According to his, each of these aspects amounted to an error apparent on the face of the award and vitiated it; or at least this part of the award if the award was severable.
22. The Arbitrator held, as is apparent from his reasons, that this item of filling the gap was not provided for in the contract; but became necessary to execute due to the irregularity of the concrete beams. Measurements had been taken of the outer extremities and so payment had to be made in the ordinary fashion. But the farther expense involved in filling up the gap between the aluminium window frames and the concrete soffits had to be calculated. The length of the gaps involved worked out to 3138.26 metres. It was the rate of payment of filling the gaps that was worked out at Rs. 9.57 per metre.
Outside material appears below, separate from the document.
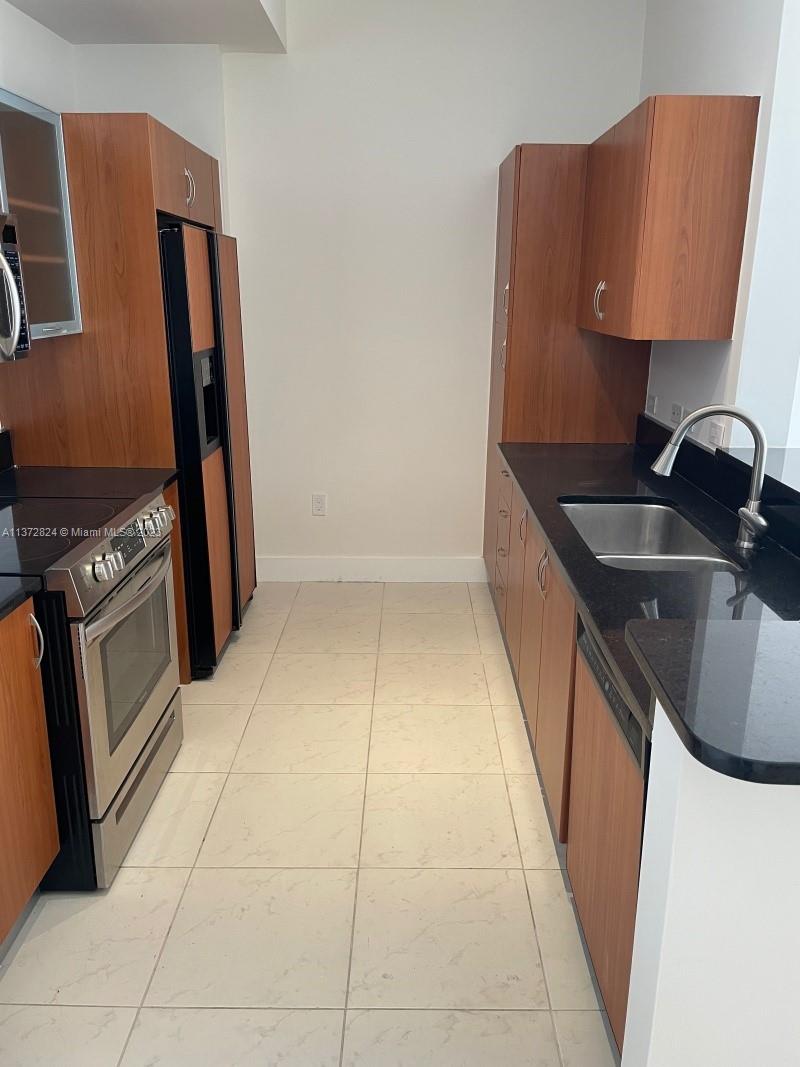 VENTURE AT AVENTURA WEST - Residential Lease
23. The dispute mainly pertained to the rate applicable; and this is what was raised before the learned Single Judge. An analysis of the rate based on the weight and cost of the aluminium angles as also of polishing, anodizing and fixing them was worked out by the Delhi Development Authority at Rs. 2.75 per metre (Ex. R8). A similar analysis was worked out by M/s. Al Karma which indicates the rate at Rs. 20.54 per metre (Ex. C. 93). The difference was in the cost of aluminium, labour, polishing, anodizing, sales tax etc.
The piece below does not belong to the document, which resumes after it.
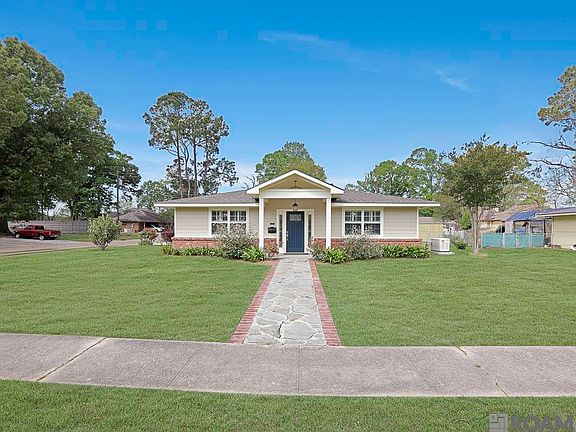 4th image of 2166 Silverest Ave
24. This work had admittedly not been provided for in the original contract. It became necessary to execute, as is apparent, during the progress of the work. As such the delay in execution of the work was not attributable to M/s. A1 Karma. The price of material and labour had admittedly been substantially increased during this period. It would, therefore, appear that M/s. Al Karma was entitled to a variation in the amount.
25. In this connection, contemporaneous correspondence as contained in Exhibit C-69 dated 18th February, 1974 is relevant. It is a letter written by M/s. Al Karma to the Executive Engineer of the Delhi Development Authority. It pertains to, inter alia, the work of fixing angles on the window frames due to the "window soffits being very much out of level and not having been levelled in spite of our repeated requests". It also refers to the supply position of M/s. Indian Aluminium Co. being extremely unsatisfactory and the necessary angles having to be made out of aluminium sheets purchased at a very high cost from the market which entailed unnecessary labour cost, "which was approved to avoid delay".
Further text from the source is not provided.